One of the most interesting challenges of data science are predictions for important events such as national elections. With all those data streams of billions of posts, comments, likes, clicks etc. there should be a way to identify the most important correlations to make predictions about real-world behavior such as: going to the voting booth and chosing a candidate.
A very interesting data source in this respect is the Wikipedia. Why? Because Wikipedia is
- a) open (data on page-views, edits, discussions are freely available on daily or even hourly basis),
- b) huge (WP currently ranks as #6 of all web sites worldwide and reaches about a quarter of all online users),
- c) specific (people visit the Wikipedia because they want to know something about some topic)
The first step was comparing the candidates Barack Obama and Mitt Romney over time. The resulting graph clearly shows the pivoting points of Obama’s presidential career (click to zoom):
But it also shows how strong Mitt Romney has been since the Republican primaries in January 2012. His Wikipedia page had attracted a lot more visitors in August and September 2012 than his presidential rival’s. Of course, this measure only shows attention, not sentiment. So it cannot be inferred from this data whether the peaks were positive or negative peaks. In terms of Wikipedia attention, Romney’s infamous 47% comments in September 2012 were more than 1/3 as important as Obama’s inauguration in January 2009.
Now, let’s add some further curves to this graph: Obama’s and McCain’s Wikipedia attention during the last elections:
Here’s another version with weekly data:
It’s almost instantly clear how much more attention Obama’s 2008 campaign (in red) gathered in comparison with his 2012 campaign (in green). On the other hand, Mitt Romney is at least when it comes to Wikipedia attention more interesting than McCain had been.

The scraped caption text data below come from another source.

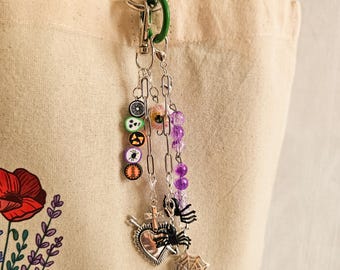 May include: A silver keychain with a green clasp, adorned with charms. The charms include colorful Halloween-themed beads, a cross, a heart, a spider, and a spiderweb. The keychain is attached to a beige tote bag with a floral design.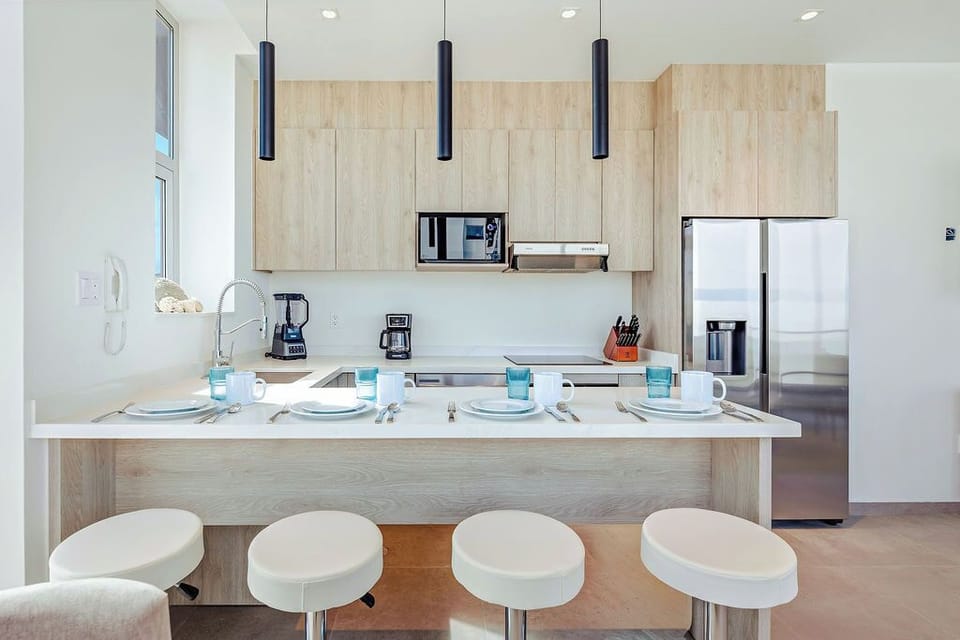 Your modern kitchen awaits with sleek pendant lighting, premium appliances, and a breakfast bar where morning coffee tastes even better.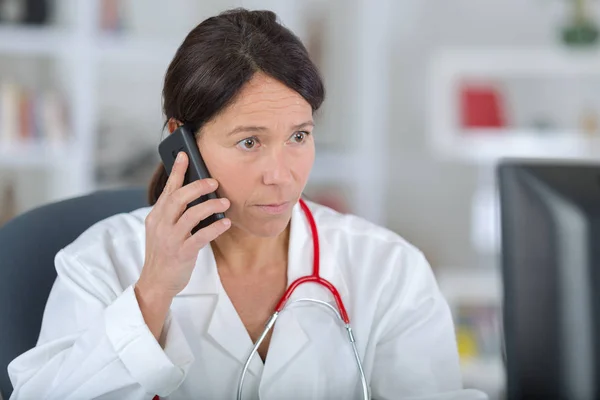 Krásná doktor mluvil po telefonu v nemocnici — Stock fotografie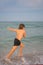 Kid running and splashing in the sea. Summer vacation. Child Running Along the beach. Active little kid running along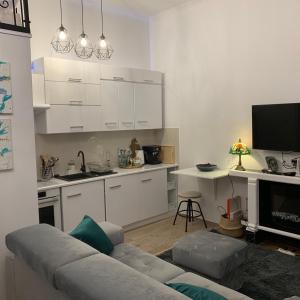 a living room with a couch and a kitchen at Charming studio apartment in the heart of the Jewish District! in Kraków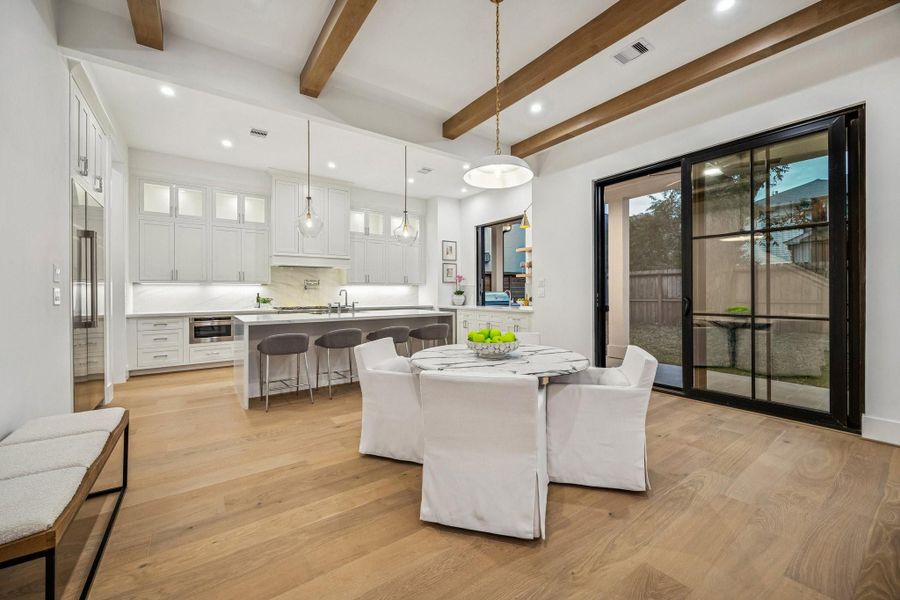 Breakfast Area with a 20" Wide Burnished Brass Bowl Pendant Light. There is a set of sliding doors that lead out the covered patio and a large yard with room enough for a pool.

Here’s a comparison of Obama’s 2008 campaign vs. his 2012 campaign:
The last question: Is Mitt Romney 2012 as strong as Obama had been in 2008? Here’s a direct comparison:
A side-remark: I also did a correlation of this data set with Google Correlate. And guess what: The strongest correlation of the data for Obama’s 2012 campaign is the Google search query for “barack obama wikipedia”. There still seem to be a huge number of people using Google as their Wikipedia search-engine.
But this result could also be interpreted the other way round: If there is a strong correlation between Wikipedia usage and Google search queries, this makes Wikipedia an even more important data source for analyses.